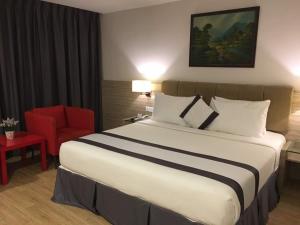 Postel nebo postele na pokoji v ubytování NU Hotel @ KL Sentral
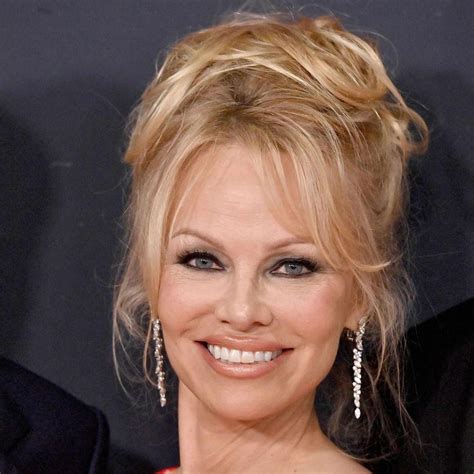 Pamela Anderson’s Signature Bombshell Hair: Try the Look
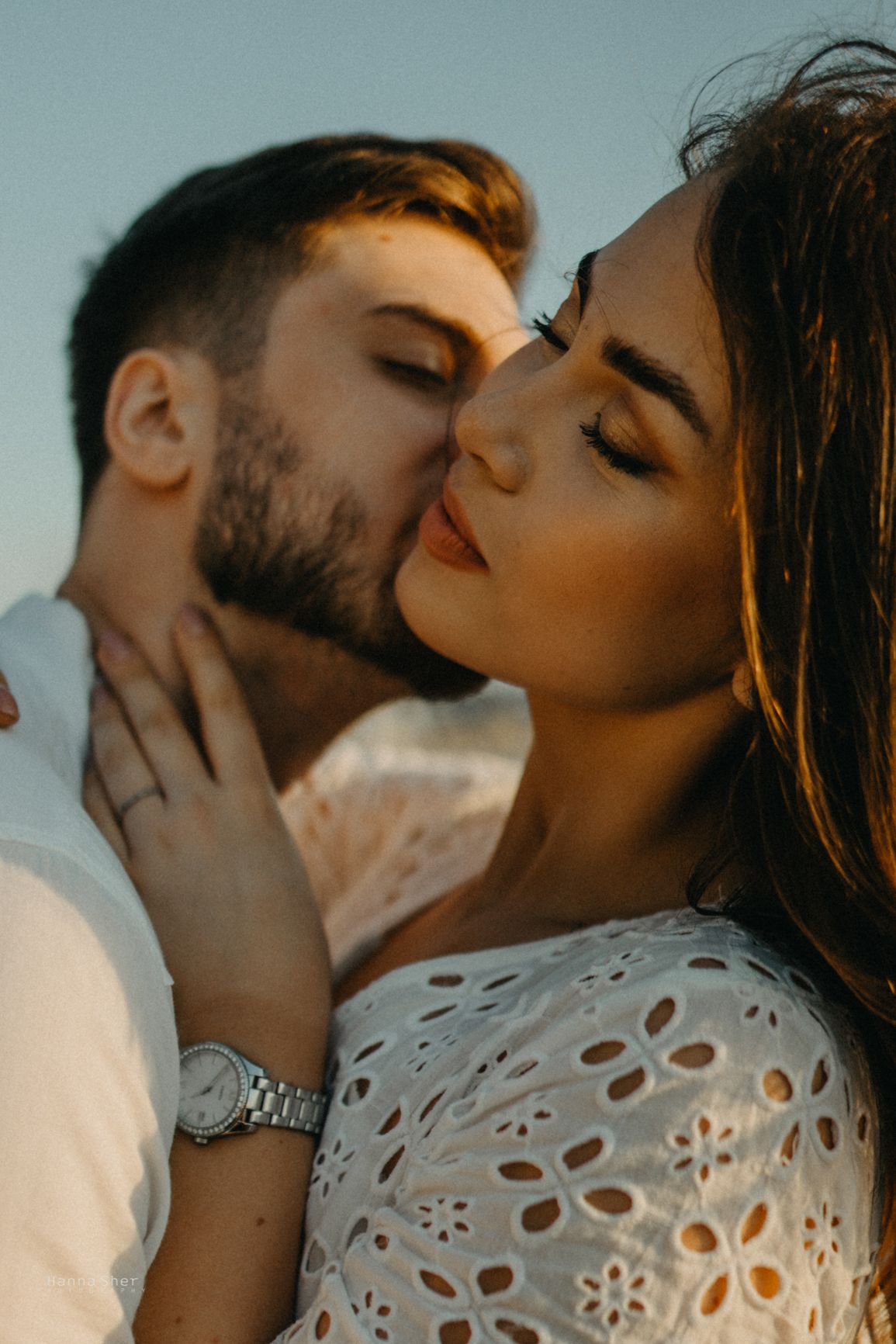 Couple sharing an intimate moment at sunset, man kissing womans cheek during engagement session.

::::::

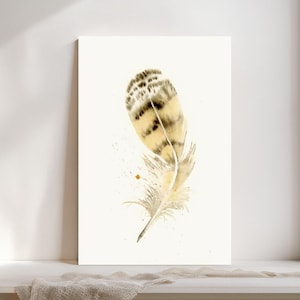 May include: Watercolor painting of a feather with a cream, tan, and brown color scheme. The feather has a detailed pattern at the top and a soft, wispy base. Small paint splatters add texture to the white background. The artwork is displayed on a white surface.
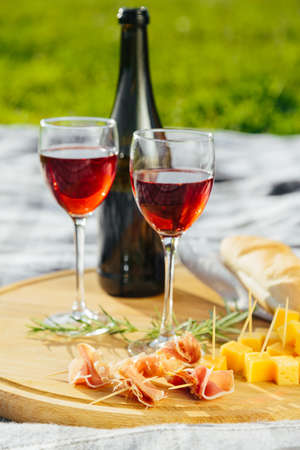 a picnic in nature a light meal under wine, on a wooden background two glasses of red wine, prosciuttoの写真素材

::::::

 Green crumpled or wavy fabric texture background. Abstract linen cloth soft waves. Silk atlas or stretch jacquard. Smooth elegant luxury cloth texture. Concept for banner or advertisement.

::::::

WORK INSTRUCTIONS: What you need to produce is an exact copy of the entries above, limited to the lines from the one with "Postel nebo postele" up to and including the one with "Couple sharing an", without pictures.

SOLUTION BELOW:
 Postel nebo postele na pokoji v ubytování NU Hotel @ KL Sentral
 Pamela Anderson’s Signature Bombshell Hair: Try the Look
 Couple sharing an intimate moment at sunset, man kissing womans cheek during engagement session.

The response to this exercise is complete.